PROBLEM TO SOLVE: Write out the line with "Download Alien Illustration" and every later line through the end of the data below, exactly as given, with no pictures in the copy.

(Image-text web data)
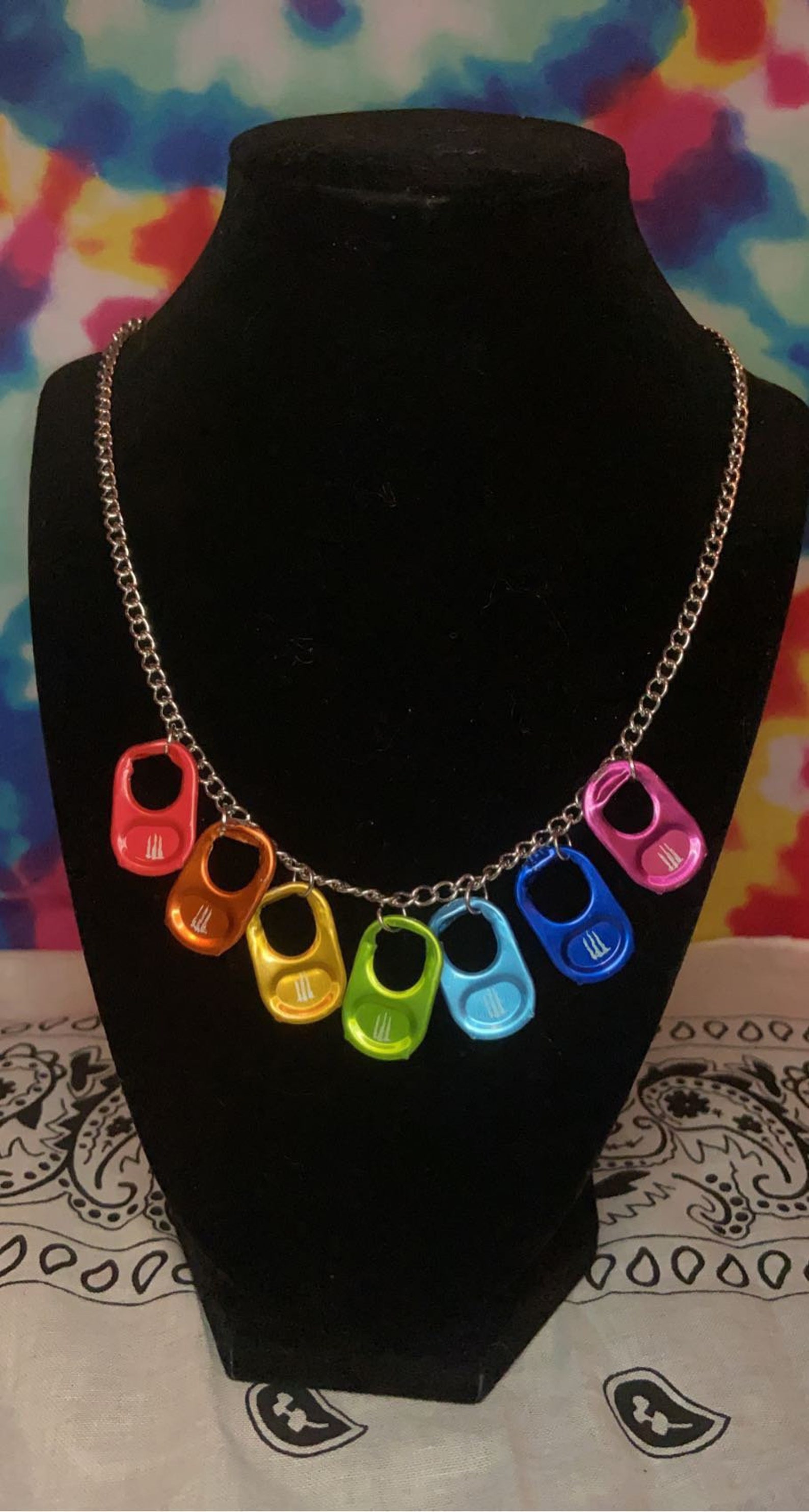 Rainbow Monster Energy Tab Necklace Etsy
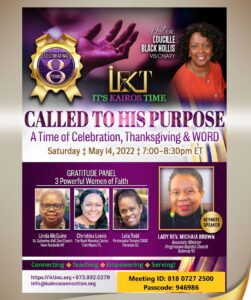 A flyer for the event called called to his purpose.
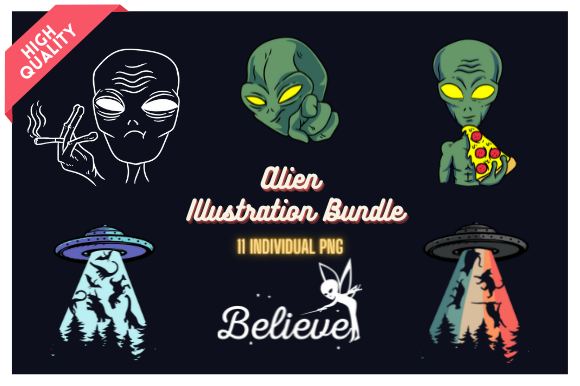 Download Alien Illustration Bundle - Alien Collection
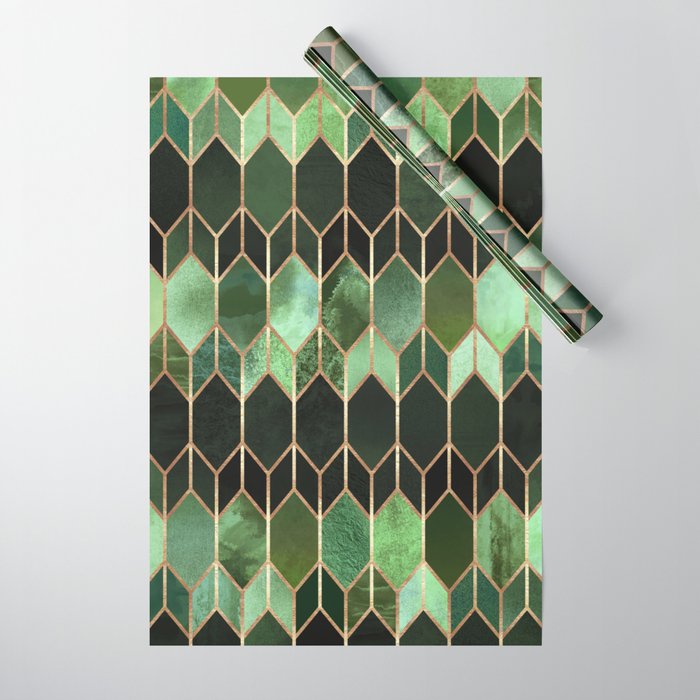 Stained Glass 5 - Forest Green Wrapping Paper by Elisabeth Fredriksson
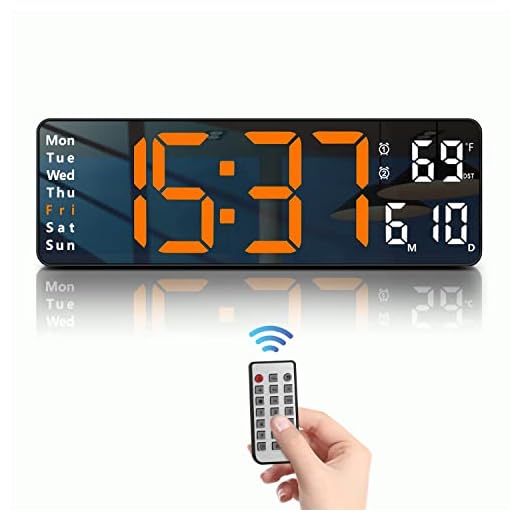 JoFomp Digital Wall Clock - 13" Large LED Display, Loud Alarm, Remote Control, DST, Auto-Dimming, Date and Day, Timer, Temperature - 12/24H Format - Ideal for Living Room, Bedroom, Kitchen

RESPONSE:
 Download Alien Illustration Bundle - Alien Collection
 Stained Glass 5 - Forest Green Wrapping Paper by Elisabeth Fredriksson
 JoFomp Digital Wall Clock - 13" Large LED Display, Loud Alarm, Remote Control, DST, Auto-Dimming, Date and Day, Timer, Temperature - 12/24H Format - Ideal for Living Room, Bedroom, Kitchen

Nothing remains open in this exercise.